PROBLEM TO SOLVE
Copy, exactly as written, the lines that begin at the one containing "Promenade à Paris" and end at the one containing "QDiShi Caulking Nozzle". Skip any pictures in the data below.

THE DATA
◇ ◇ ◇ ◇ ◇

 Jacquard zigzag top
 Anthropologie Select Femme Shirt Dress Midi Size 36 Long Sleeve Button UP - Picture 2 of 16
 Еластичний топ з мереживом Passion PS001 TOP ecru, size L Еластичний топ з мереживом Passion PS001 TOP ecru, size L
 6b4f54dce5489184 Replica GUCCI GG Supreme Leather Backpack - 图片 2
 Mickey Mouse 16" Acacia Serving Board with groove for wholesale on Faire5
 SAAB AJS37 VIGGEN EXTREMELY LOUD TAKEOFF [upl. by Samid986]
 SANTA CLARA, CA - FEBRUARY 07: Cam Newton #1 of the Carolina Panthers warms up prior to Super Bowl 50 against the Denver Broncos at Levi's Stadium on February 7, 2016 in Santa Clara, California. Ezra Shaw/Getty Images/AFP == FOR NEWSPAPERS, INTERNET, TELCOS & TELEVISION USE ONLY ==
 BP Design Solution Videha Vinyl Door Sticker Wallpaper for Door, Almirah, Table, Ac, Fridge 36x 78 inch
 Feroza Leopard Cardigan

◇ ◇ ◇ ◇ ◇

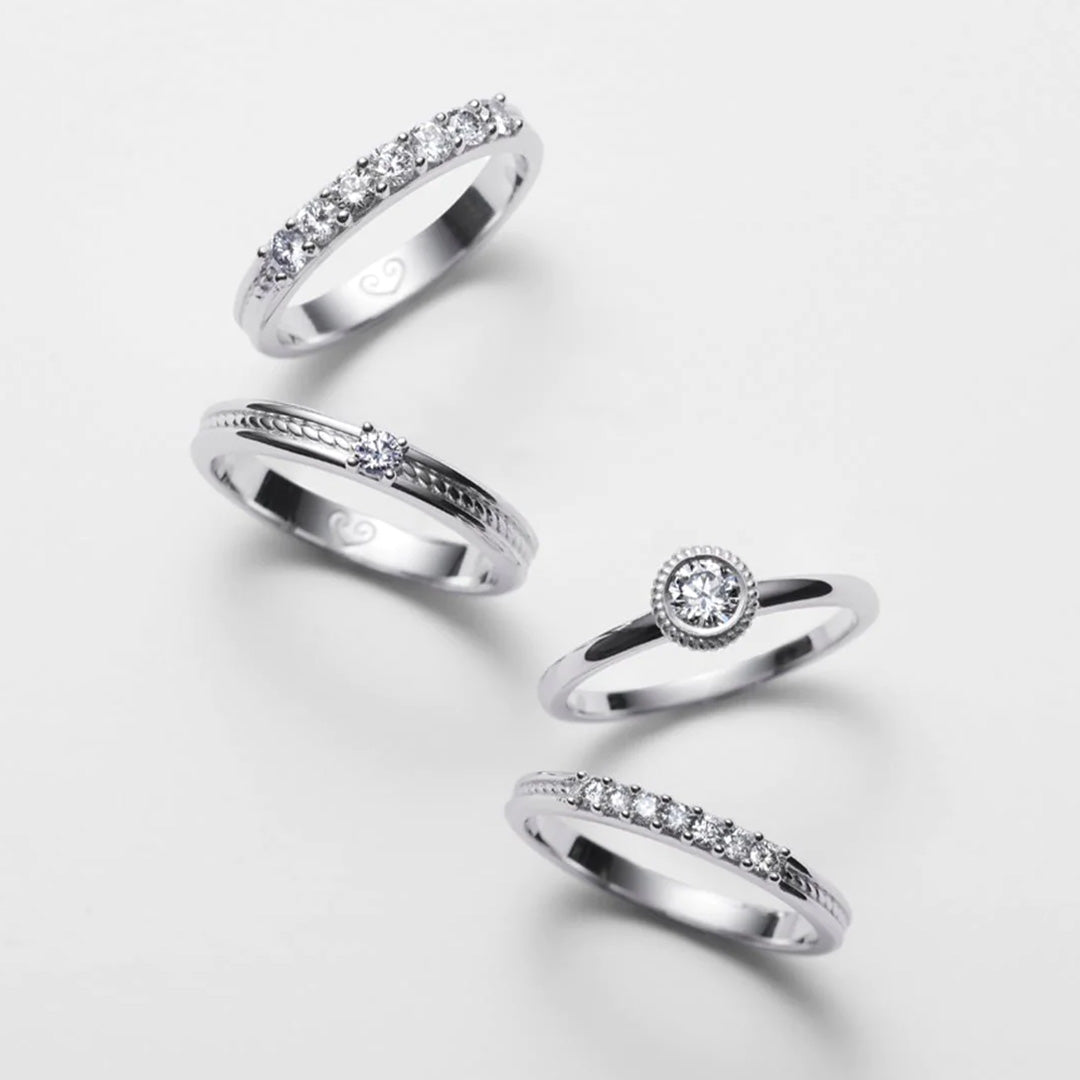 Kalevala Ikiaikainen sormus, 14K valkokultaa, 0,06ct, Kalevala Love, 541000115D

◇ ◇ ◇ ◇ ◇

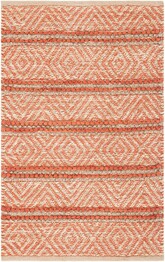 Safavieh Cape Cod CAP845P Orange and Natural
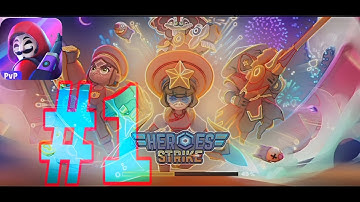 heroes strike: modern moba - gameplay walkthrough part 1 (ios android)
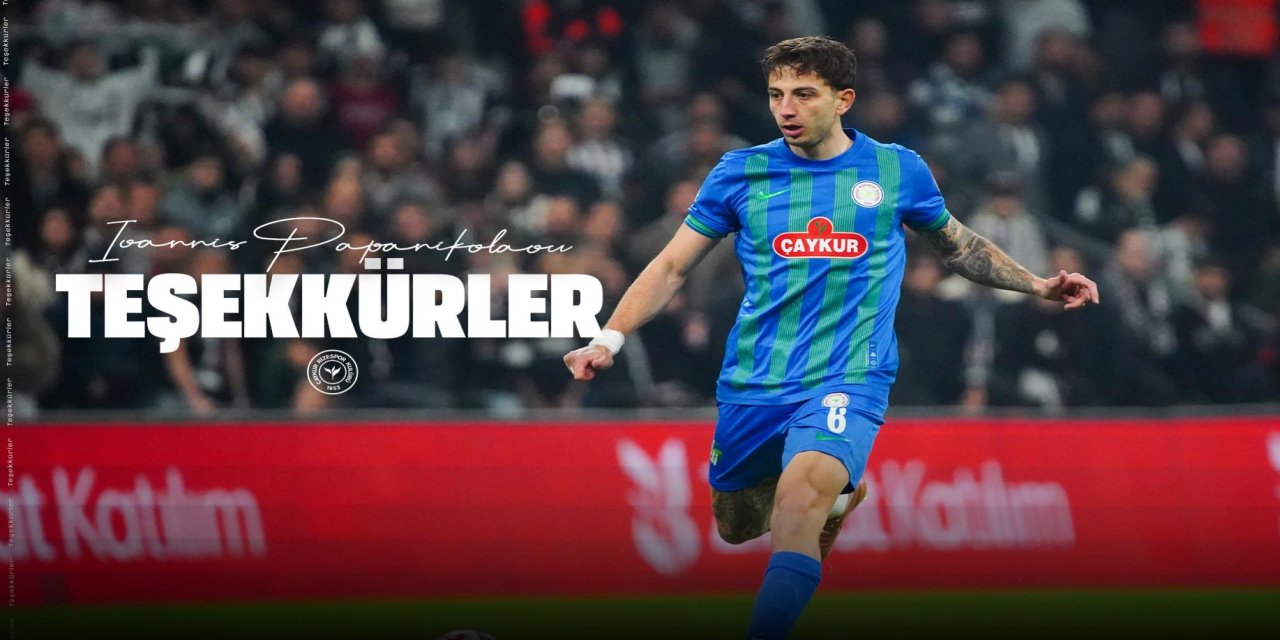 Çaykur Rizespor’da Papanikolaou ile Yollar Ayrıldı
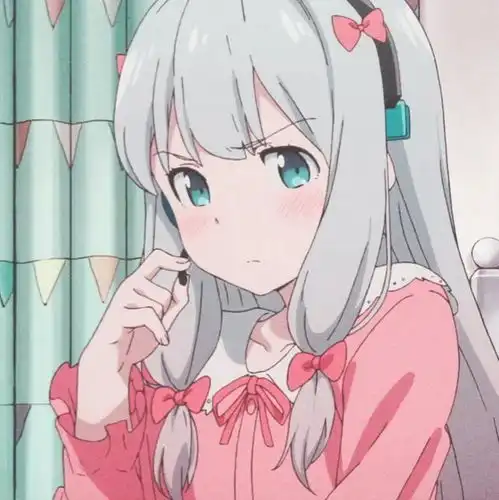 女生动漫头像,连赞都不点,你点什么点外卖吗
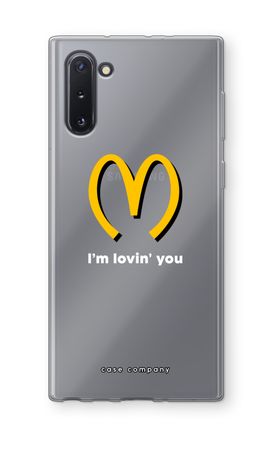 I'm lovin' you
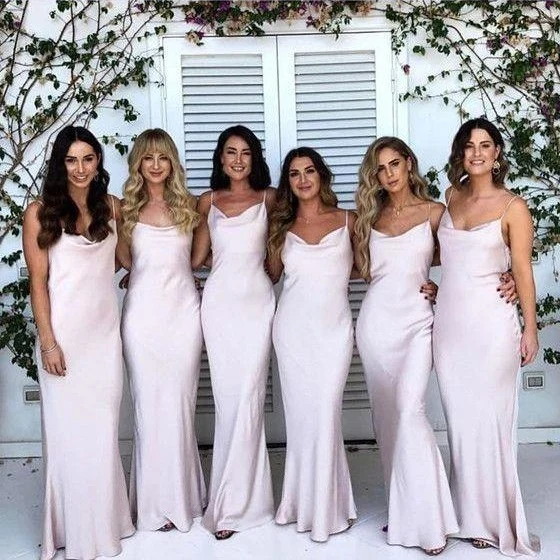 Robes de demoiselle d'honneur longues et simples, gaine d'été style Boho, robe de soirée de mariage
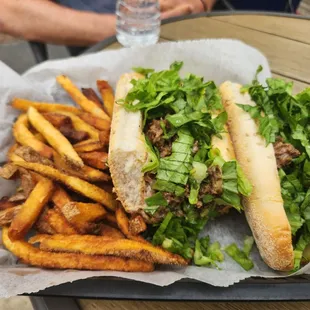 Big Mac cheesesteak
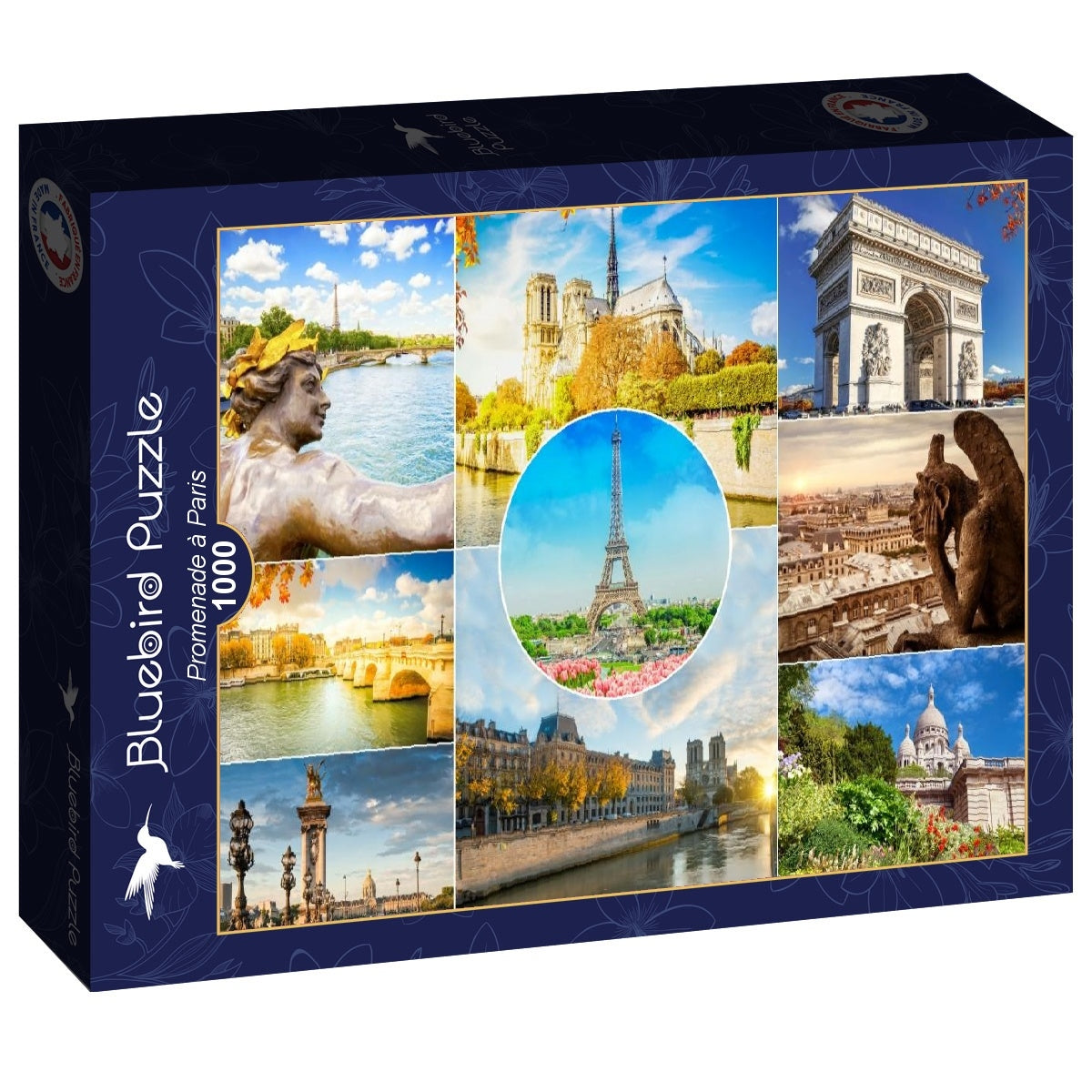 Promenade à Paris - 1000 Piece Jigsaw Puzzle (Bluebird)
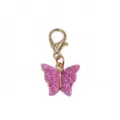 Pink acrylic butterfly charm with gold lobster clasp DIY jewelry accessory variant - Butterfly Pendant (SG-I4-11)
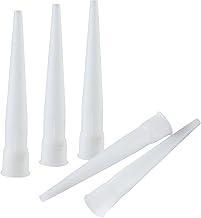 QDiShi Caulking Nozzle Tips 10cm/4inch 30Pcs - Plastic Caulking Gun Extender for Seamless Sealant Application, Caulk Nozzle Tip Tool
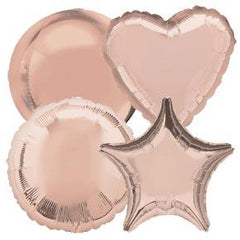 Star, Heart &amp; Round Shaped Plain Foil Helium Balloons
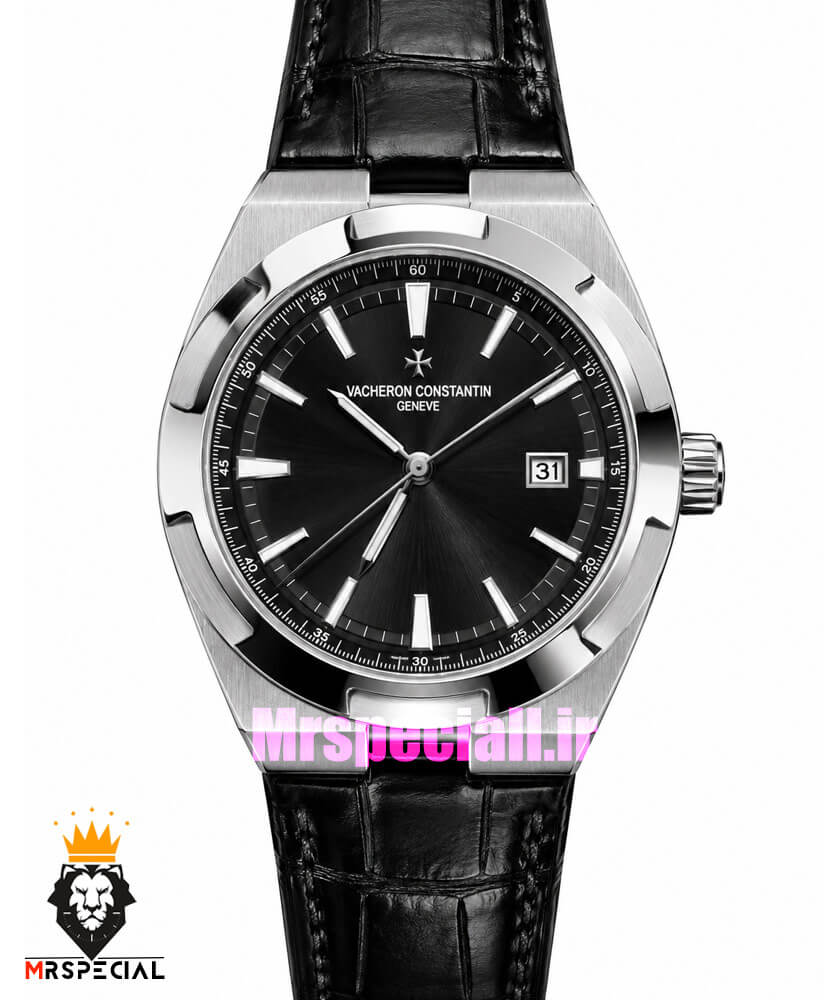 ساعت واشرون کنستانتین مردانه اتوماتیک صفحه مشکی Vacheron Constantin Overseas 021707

◇ ◇ ◇ ◇ ◇

SOLUTION TO THE EXERCISE
 Promenade à Paris - 1000 Piece Jigsaw Puzzle (Bluebird)
 Pink acrylic butterfly charm with gold lobster clasp DIY jewelry accessory variant - Butterfly Pendant (SG-I4-11)
 QDiShi Caulking Nozzle Tips 10cm/4inch 30Pcs - Plastic Caulking Gun Extender for Seamless Sealant Application, Caulk Nozzle Tip Tool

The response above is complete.